仙台に来たことの意味。#45

東京から仙台への引っ越し。

さびしくて泣き続ける私に向けられた ”新しい友だち” という慰めの言葉に、安堵を見出そうとしたけど、あまり魅力的には聞こえなかった。今までの友だちがいい。


私たちは、車(タクシーか会社の車?)で移動していた。その日のうちに着けないので、道中で一泊することになっていた。

車を降りた時、これから新しいところへ行くために移動してると思えない落ち着かない感じ、もうあそこへは戻らないのだということが実感できてない感じ、そんな宙ぶらりんな心細い心持ちだったのを覚えている。

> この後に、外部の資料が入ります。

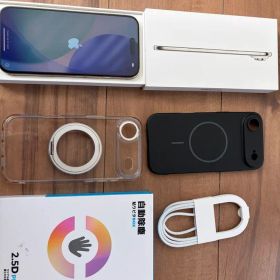 値下げ‼︎超美品‼︎ iPhone 17 Air ライトゴールド 512G おまけ付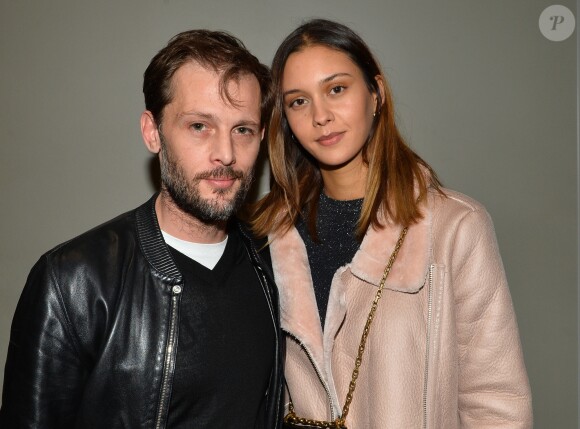 Nicolas Duvauchelle et sa compagne Anouchka Alsif au concert du groupe Suprême NTM à l'AccorHotels Arena à Paris, le 10 mars 2018. © Veeren/Bestimage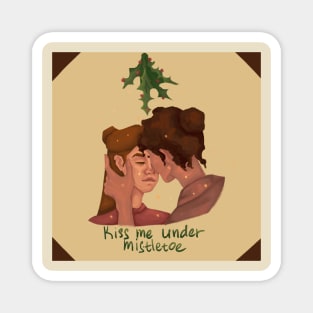 Christmas kiss Magnet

しかも母が車酔いで、降りるとすぐに電柱の陰で(水分だけ)吐いていた。その姿も、私の心細さに拍車をかけた。


心がついてきてない。そんな空虚な感じだった。


夜、並べて三枚敷かれた布団に横たわって、私はいつまでも眠れなかった。

旅館のようなその部屋には、天井近くに換気口がついていた。そこから遠くの車の音や、風が小さく唸るようなよくわからない音、ただサワサワと鳴る音などが聞こえる。そういう夜中の音の体験は、私にとって初めてのものだった。


これからどうなるのかな?

未知の部屋で、未知の音を聞きながら、漠然とした未知の未来を思う。


いつの間にか眠っていたらしく、今ある次の記憶は、ちょうど仙台に着いたところだ。


そこでまた車を降りると、出迎えてくれた女性が言った。

「遠いところを大変でしたね。全然、勝手は違うかもしれませんけど、『住めば都』って言いますからね」


「住めば都」という言葉、その時初めて知った。


結果から言うと、私にとって仙台は「都」にならなかった。


たくさんの不思議なことと、少しのよい思い出。

そして、仮にちょっとだけそこにいた、くらいなヘンな感覚。


仙台は、通り過ぎただけの場所という感じがする。

ある出来事を受け取るためだけに。


大げさではなく、私の心というのか魂というのか、自分の芯のような物が東京から引っこ抜かれて、それ以来ずっと、根付くところが見つかっていない気がしている。

それは、ある意味で、その後の人生自体を、どこか「仮のもの」であるという感じで生きていたからかもしれない。